A musical Goliath
He may have started out as the classic underdog, but David Gray has gone on to become one of the most successful songwriters of his generation
Mark Keane, 07 Jun 2006

You’d think adopted Irishman David Gray would get tired of having us barrel on about how we gave him his leg up, kept him fed and watered during the barren years, and generally nurtured him from suckling singer-songwriter to global behemoth.
You’d think that, but you’d be wrong. “The gigs in Ireland are always like a homecoming," he reflects. "They always have a special atmosphere, and some fans from the very early days are usually present.”
The Gray story is a classic fable about perseverance. He’d been at it for years before he hit pay-dirt. Indeed he had been unceremoniously dumped by his label Hut, following the commercial failure of his previous release, the somewhat fatalistically titled Sell, Sell, Sell.

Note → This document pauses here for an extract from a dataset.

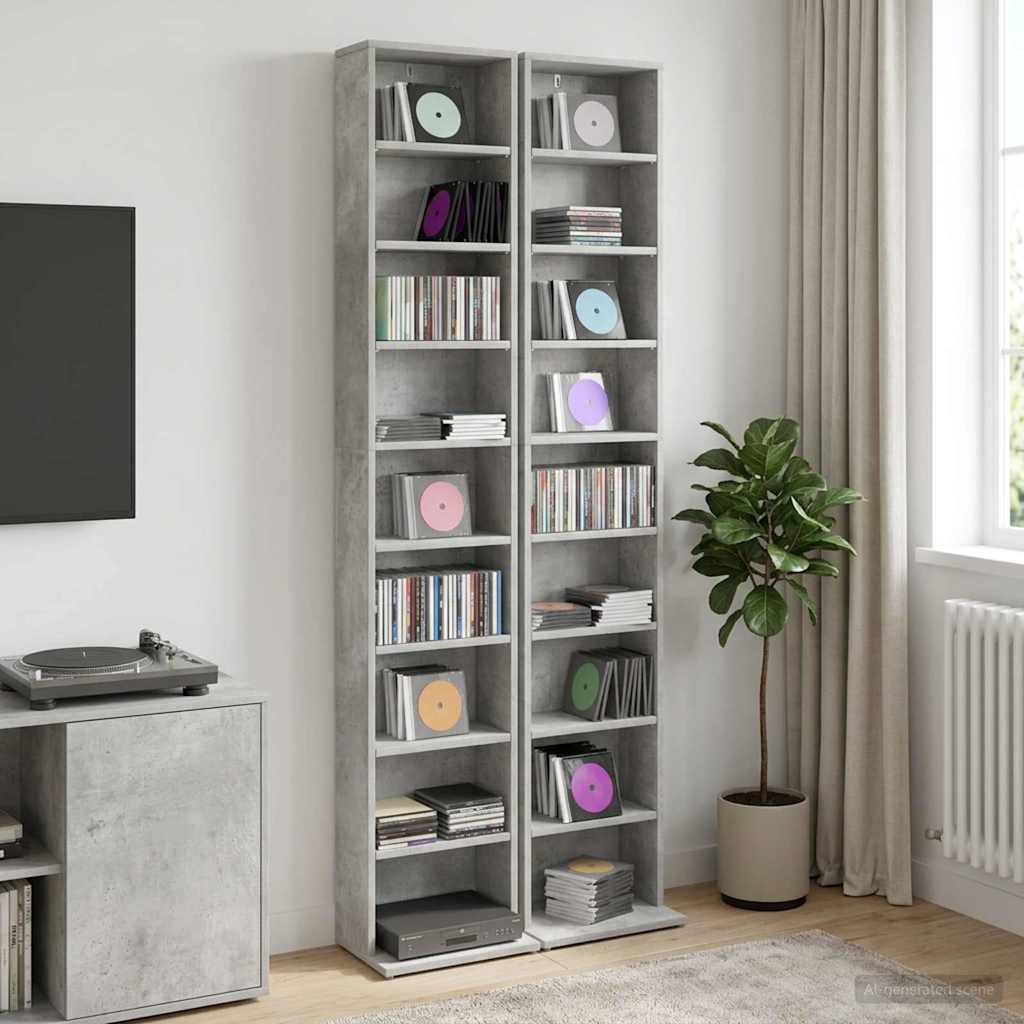 vidaXL CD Cabinet 2 pcs Concrete Grey 33 x 23.5 x 175 cm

But Gray had a core support in the media in Ireland, and RMG, his record label, were also hugely committed. As a result, his seminal White Ladder album of 1998 was a success here first – it went on to sell a phenomenal 200,000 copies – and it was that which inspired its subsequent global lift-off. It went on to shift some six million-plus copies worldwide, and launched a slew of lo-fi imitators. Not only was it recorded in his own bedroom’s studio, but it was funded by the man himself.
Of the early days, Gray is sanguine: “I really didn’t know what the business was all about. I was totally nonplussed by it all. I had a certain confidence it was going to happen – but I always had that. I just hoped someone would hear it and take it to their hearts.”
Mercifully, someone eventually did. White Ladder's successor, the top-selling New Day At Midnight, was also largely recorded at home – but there was a shift in priorities for last year’s critically lauded Life In Slow Motion, on which he went for a bigger and far more lavish production. “I don’t think you can remain the underdog forever, and I wanted to experiment,” he explains. “A lot of the songs came about from playing as a band or from messing around with sounds. I realised at that point, this was going to be a big affair.”